For the Fischer family, Mount St. Joseph would be easy in terms of transportation, and they might be able to manage the tuition increase of $1,000. But Brady Fischer, who plays football and lacrosse for the Crusaders, won't hear of it.

"I cannot play any sort of sport for my rival sports school," said Brady, 16, the oldest of three brothers and the only one now in Catholic school. "It's impossible."
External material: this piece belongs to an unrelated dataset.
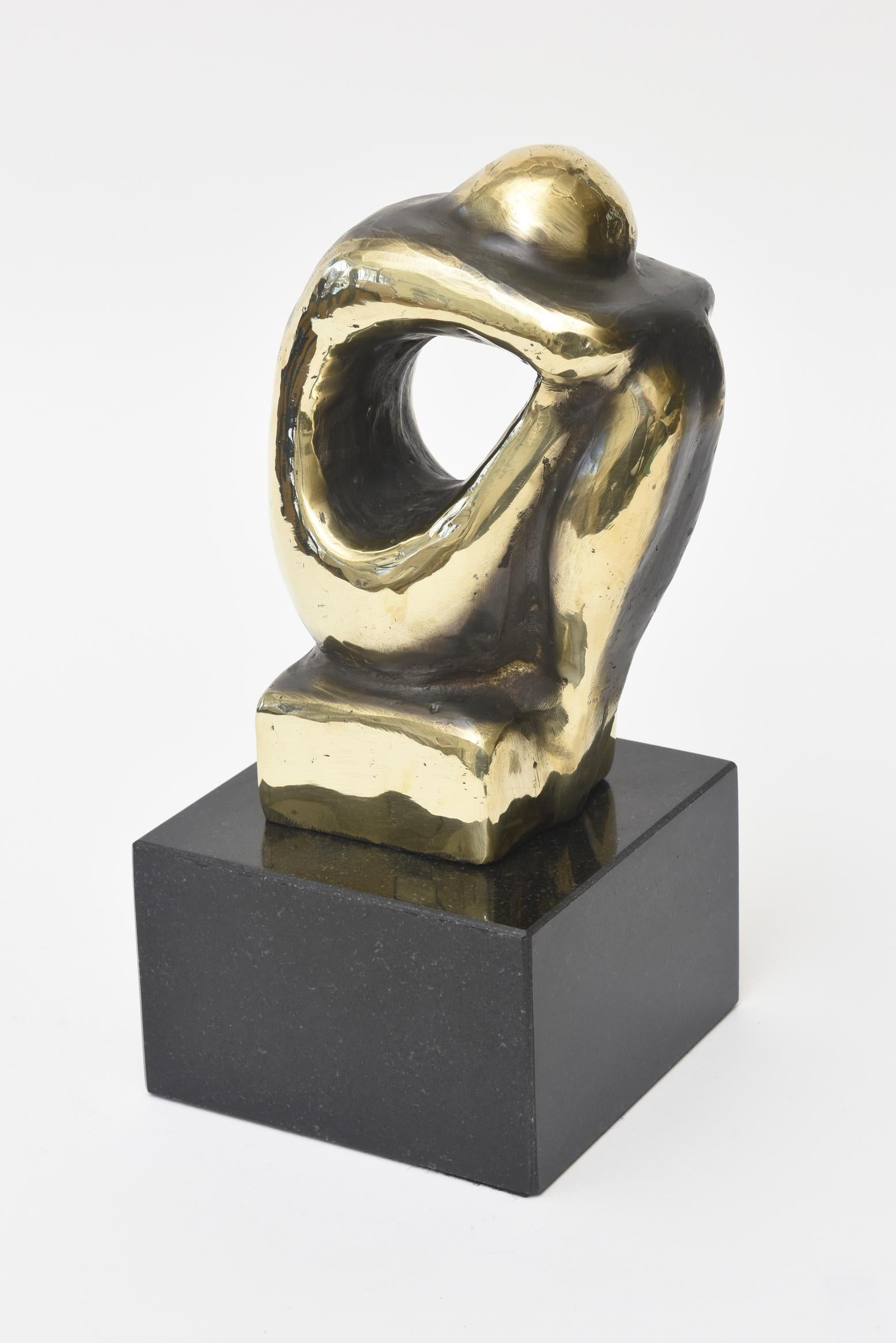 This arresting and handsome seated male figurative abstract brass and black granite sculpture is handsome and powerful. It is Spanish and is a limited edition number. Part of the brass has been polished and the remainder is a beautiful two-tone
For reasons of logistics, cost or comfort, the family has scratched out most of the other Catholic school options. Brady would be willing to go to Archbishop Spalding, where he has a friend and knows a coach, but his parents have ruled it out for several reasons. There's the location, their feeling that the large co-ed school - nearly 1,200 students - would be much like a public high school, and not least because it's run by the archdiocese. Mount St. Joseph is not.

Brady's father, Chris, is particularly upset about how Gibbons has been treated by the archdiocese.

"In my opinion they walked away from their people," said Chris, who did not attend Catholic schools himself. "The Catholic Church is what it is because of their people."

When the closing was announced, Chris Fischer demanded that Brady withdraw from Gibbons immediately. He was angry, but he was also thinking Brady needed to find another school as soon as possible to have any chance of making a varsity football squad in the fall. Family discussions since then have calmed.

Brady went to St. Augustine through eighth grade, then to Gibbons. He said the religious values at Gibbons have been as important to him as the camaraderie possible in a small school for boys.

Now, it seems likely he'll be enrolling at Howard High School in Ellicott City, a coeducational school of some 1,600 students, where his middle brother, Breccan, is a freshman.

Brady has friends at Howard and is getting used to the idea. He is thinking about football workouts starting in the summer, although he imagines the competition for a varsity slot will be more difficult.

Joe Klima comes from a Gibbons family. The junior, who has attended the school since sixth grade, was just inducted into the National Honor Society, planned to continue playing lacrosse on the varsity squad and expected to be elected senior class president. Now he is hoping to transfer to Spalding.

"The worst thing for me is that I won't graduate with my buddies," he said. "I feel like the rug has been pulled out from under me. I will be the only one in two generations of my family who doesn't graduate from here."

His father, Bruz Klima, who volunteers as director of alumni relations, said he has not given up hope for his alma mater. The family had planned to join a candlelight vigil that drew more than 100 people to the Baltimore Basilica Friday evening, hoping to get the attention of Archbishop Edwin F. O'Brien.

Lisa Saloka, whose daughter will be switching from Ascension to St. Augustine, said such appeals seem futile.

"This process has shown me one thing," the Halethorpe woman said. "The Archdiocese is not a democracy. It is a dictatorship."